Retype exactly the lines below, beginning with the first and ending with the line where "Semana pedagógica marca" appears.

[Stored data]

----

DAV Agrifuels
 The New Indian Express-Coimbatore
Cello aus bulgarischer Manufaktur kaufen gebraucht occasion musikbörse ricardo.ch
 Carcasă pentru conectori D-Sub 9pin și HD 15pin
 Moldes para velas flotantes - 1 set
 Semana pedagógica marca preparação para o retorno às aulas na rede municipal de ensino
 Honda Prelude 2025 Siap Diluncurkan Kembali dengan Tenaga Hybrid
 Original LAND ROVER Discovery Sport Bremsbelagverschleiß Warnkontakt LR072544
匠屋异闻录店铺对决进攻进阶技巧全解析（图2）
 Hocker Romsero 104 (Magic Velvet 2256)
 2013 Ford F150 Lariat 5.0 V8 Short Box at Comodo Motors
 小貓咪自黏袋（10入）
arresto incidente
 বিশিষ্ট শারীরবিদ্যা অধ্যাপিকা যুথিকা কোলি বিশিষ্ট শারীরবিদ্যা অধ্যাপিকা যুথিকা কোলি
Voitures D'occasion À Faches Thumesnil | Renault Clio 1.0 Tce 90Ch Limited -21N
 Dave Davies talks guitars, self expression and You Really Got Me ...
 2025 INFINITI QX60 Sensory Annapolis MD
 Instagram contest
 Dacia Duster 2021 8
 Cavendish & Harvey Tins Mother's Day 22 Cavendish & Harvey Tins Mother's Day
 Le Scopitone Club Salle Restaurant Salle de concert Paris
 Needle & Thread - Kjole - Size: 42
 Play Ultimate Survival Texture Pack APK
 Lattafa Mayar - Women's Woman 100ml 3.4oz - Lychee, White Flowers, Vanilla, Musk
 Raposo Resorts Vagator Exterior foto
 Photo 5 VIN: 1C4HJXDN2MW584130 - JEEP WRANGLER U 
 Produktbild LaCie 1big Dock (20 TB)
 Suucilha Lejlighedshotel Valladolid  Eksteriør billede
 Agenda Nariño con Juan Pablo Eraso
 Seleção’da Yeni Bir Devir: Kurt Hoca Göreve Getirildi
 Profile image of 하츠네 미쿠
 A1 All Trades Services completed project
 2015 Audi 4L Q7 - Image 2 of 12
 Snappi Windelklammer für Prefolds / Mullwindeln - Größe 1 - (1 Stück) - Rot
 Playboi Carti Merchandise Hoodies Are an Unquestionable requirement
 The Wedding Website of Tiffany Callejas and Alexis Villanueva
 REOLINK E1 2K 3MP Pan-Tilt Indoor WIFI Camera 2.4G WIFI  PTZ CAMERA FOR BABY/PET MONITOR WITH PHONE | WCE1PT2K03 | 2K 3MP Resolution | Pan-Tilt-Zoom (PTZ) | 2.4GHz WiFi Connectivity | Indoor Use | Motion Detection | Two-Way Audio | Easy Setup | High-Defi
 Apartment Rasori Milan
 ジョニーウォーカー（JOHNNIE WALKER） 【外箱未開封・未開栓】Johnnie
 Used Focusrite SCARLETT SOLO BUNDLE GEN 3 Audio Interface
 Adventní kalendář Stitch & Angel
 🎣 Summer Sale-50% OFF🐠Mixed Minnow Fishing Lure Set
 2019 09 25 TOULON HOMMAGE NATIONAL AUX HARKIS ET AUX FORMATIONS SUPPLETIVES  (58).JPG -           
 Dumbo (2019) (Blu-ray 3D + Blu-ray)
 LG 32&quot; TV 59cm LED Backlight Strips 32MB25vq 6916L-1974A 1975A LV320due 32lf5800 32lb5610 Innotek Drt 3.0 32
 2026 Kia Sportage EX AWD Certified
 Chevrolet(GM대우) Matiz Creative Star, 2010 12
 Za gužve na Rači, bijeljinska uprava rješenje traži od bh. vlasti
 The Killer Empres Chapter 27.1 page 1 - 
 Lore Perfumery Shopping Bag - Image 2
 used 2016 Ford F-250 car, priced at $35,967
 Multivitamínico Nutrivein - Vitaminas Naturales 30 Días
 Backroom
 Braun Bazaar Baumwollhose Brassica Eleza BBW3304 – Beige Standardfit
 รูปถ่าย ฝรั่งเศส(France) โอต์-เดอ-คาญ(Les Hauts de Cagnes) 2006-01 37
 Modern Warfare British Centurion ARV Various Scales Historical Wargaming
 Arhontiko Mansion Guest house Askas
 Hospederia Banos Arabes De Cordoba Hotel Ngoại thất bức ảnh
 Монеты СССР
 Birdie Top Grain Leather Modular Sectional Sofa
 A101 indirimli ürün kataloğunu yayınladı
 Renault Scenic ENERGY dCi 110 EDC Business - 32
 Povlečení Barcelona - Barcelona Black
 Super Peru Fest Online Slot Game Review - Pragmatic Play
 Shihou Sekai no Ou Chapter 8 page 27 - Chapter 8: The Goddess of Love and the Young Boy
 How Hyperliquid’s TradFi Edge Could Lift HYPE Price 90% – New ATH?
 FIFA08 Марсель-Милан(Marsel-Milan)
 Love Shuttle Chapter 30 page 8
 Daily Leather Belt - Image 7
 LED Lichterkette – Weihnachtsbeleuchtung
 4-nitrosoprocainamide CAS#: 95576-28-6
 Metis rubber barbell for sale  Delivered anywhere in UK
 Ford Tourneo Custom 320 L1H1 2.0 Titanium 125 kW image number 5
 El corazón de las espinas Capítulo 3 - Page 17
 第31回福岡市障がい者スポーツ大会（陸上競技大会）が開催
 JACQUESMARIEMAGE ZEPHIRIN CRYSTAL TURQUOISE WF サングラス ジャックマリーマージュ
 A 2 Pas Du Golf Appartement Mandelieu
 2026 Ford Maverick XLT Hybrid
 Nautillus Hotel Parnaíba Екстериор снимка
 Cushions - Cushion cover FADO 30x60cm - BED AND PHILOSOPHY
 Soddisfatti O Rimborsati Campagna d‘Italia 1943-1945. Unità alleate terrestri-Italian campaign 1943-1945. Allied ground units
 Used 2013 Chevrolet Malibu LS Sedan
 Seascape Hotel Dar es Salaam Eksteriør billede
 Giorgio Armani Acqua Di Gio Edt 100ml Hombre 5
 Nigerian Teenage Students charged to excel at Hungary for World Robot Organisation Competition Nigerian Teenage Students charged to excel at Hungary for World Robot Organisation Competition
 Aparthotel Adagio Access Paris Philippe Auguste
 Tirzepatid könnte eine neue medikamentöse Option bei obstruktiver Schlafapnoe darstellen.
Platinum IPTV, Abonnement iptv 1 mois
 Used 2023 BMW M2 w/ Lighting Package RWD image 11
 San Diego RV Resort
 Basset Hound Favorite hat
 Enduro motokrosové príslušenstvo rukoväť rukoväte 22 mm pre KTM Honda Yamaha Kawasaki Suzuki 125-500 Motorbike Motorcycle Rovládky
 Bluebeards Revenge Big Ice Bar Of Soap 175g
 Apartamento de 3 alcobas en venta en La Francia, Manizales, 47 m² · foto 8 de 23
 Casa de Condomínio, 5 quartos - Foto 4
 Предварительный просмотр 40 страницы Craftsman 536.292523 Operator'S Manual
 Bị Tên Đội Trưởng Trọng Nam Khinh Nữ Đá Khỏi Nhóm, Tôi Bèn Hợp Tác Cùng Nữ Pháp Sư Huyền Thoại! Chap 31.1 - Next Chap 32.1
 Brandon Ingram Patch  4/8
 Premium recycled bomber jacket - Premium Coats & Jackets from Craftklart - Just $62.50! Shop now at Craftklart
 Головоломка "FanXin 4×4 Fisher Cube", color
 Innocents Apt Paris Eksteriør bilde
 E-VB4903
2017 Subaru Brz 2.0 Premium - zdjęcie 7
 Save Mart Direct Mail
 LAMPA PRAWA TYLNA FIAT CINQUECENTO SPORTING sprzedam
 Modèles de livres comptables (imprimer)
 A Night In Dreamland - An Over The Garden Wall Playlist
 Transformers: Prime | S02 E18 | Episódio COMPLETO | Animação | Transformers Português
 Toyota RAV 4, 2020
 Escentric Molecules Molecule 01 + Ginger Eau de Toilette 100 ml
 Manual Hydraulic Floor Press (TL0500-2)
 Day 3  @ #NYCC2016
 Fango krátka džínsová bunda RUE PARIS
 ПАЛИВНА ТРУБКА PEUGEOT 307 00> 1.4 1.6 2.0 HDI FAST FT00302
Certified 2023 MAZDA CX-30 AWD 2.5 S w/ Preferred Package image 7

----

▶ **Result of the exercise**
DAV Agrifuels
 The New Indian Express-Coimbatore
Cello aus bulgarischer Manufaktur kaufen gebraucht occasion musikbörse ricardo.ch
 Carcasă pentru conectori D-Sub 9pin și HD 15pin
 Moldes para velas flotantes - 1 set
 Semana pedagógica marca preparação para o retorno às aulas na rede municipal de ensino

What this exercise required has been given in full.